Zdaniem resortu finansów wzrost podatków przełoży się na podniesienie cen paczki papierosów o 15 – 17 proc. Cytowany niedawno przez „Rz” Detlef Moede, prezes Imperial Tobacco, uważa, że będzie to 1,30 – 1,50 zł. Z kolei konkurenci z Zakładów Tytoniowych w Lublinie mówią o 1,20 – 1,60 zł.
Zaznaczają jednak, że wzrost cen nie nastąpi od razu. W ubiegłym roku nie weszły bowiem w życie przepisy zakazujące producentom robienia zapasów i ci skrzętnie z tego skorzystali. Zmagazynowali spore ilości towaru wyprodukowanego przed podniesieniem stawek akcyzowych, dzięki czemu palacze zapłacą więcej dopiero za kilka miesięcy, kiedy magazyny zostaną już wyczyszczone.

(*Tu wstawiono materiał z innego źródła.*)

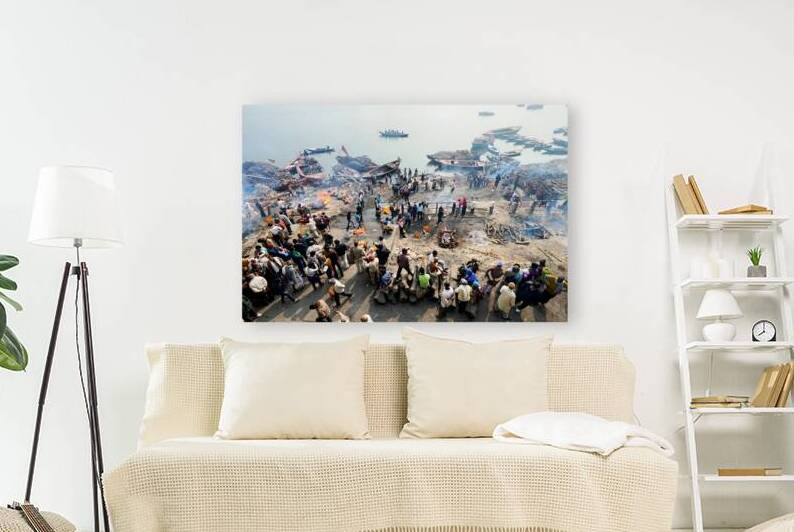 Cremation rites by the river Ganges in Varanasi India by Marco Brivio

Podobnie było już w poprzednich latach, gdy producenci magazynowali towar i podwyżki akcyzy przekładały się na ceny końcowe z kilkumiesięcznym poślizgiem. Cytowany przez PAP Hubert Zawadzki, rzecznik Philip Morris Polska, przypomina, że w 2007 roku podwyżka akcyzy weszła w życie na początku roku, a niektóre marki tego koncernu zdrożały dopiero we wrześniu.
Wchodząca dzisiaj w życie podwyżka stawek podatkowych to kolejny etap dochodzenia do poziomu opodatkowania w UE. Zgodnie z unijnymi przepisami całkowita minimalna stawka akcyzy na papierosy powinna wynosić 57 proc. detalicznej ceny sprzedaży, a jednocześnie nie mniej niż 64 euro na 1000 sztuk papierosów. Na dojście do tego poziomu Polska ma czas do 2009 roku.
W 2007 roku Polacy kupili 69,8 mld papierosów, czyli o 3,5 proc. mniej niż rok wcześniej. Do tego doliczyć trzeba jednak sprzedaż wyrobów tytoniowych z przemytu, a ta zdaniem celników rośnie. W zeszłym tygodniu „Rz” ujawniła, że w 2007 roku służby celne, graniczne i policja skonfiskowały 700 mln papierosów, które nielegalnie trafiły do kraju. To o ponad 200 mln więcej niż w 2006 r.